Over the years, the students of those courses have reunited in the foundation dedicated to Carl Gustav Jung in Romania, the Romanian Association of Analytical Psychology, whose act of constitution is dated December 2000. The foundation was the work of three psychologists passionate about knowledge and complexity: Mihaela Minulescu, Petru Lisievici and Carmen Popescu.
Since 2002, training in analytical psychotherapy began to operate through a master’s program established at Titu Maiorescu University, then at Spiru Haret University, supplemented by personal analysis and training sessions offered within the R.A.A.P. to those who wanted to become professionals in analytic psychotherapy.

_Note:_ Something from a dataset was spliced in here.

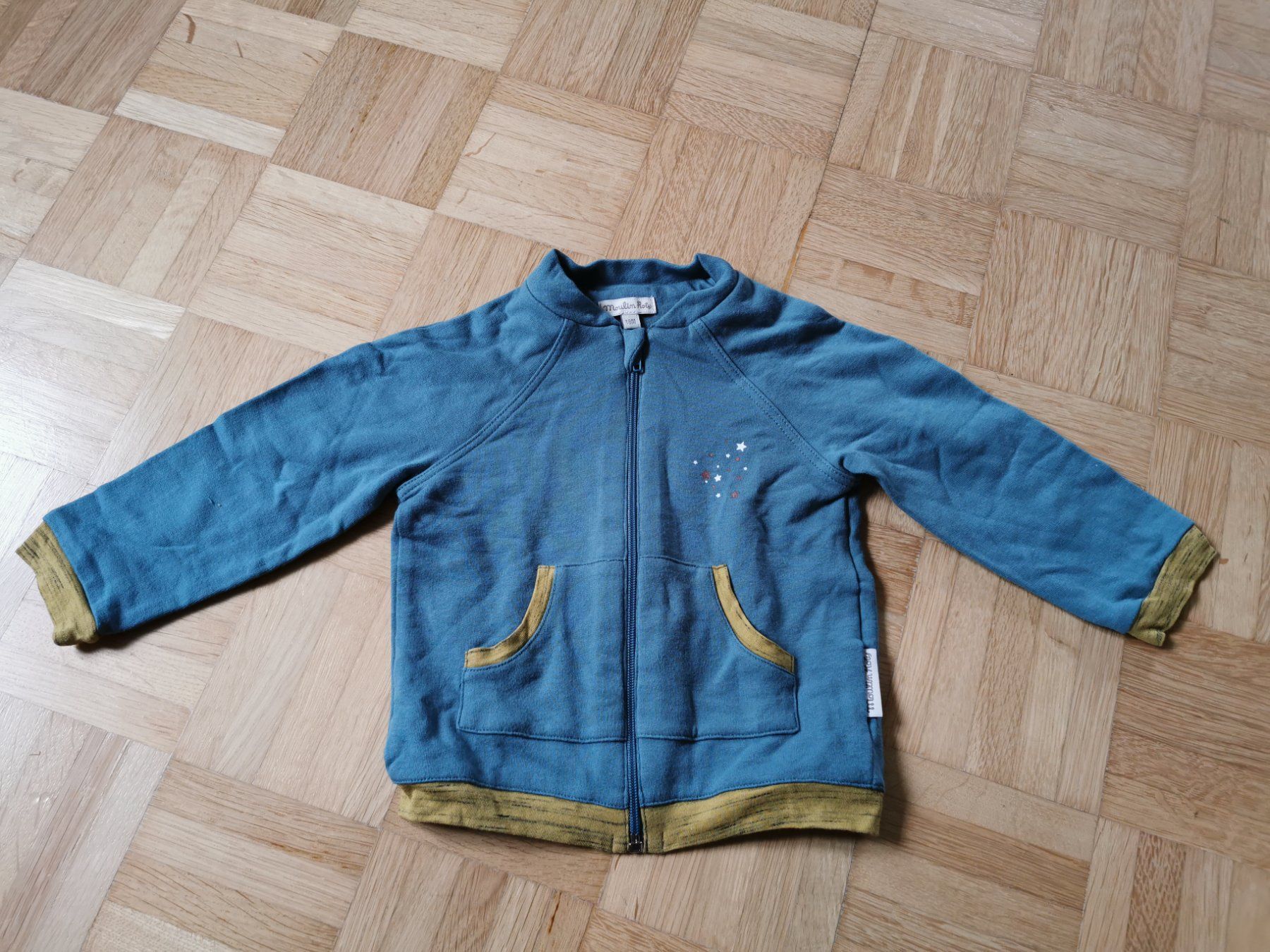 Pullover & Sweatshirts: Sweatjacke Moulin Roty Gr. 86 – Gebraucht aus Stäfa von flamingo_17 1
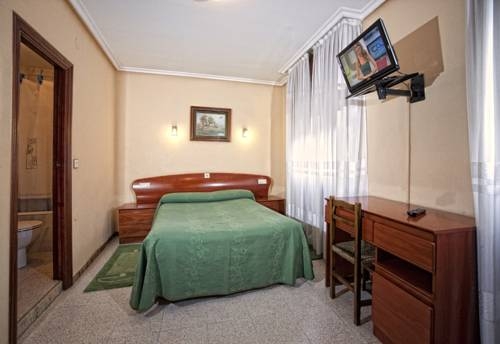 Imagen de la habitación del Hotel La Paz, Llanes. Foto 2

With the establishment of a specific legislative framework for psychology and accredited practice, training in analytical psychotherapy received the endorsement of the College of Psychologists in 2005 and was passed entirely under the direct coordination of the training association, A.R.P.A. Since 2008, students in analytical psychotherapy have been trained through a programme that mirrors the methodology of the first two years of the four-year training programme of the C. G. Jung Institute in Switzerland, Kusnacht.
Following personal analysis and graduation from the methodological and clinical programme, psychotherapists of an analytical, Jungian orientation are trained.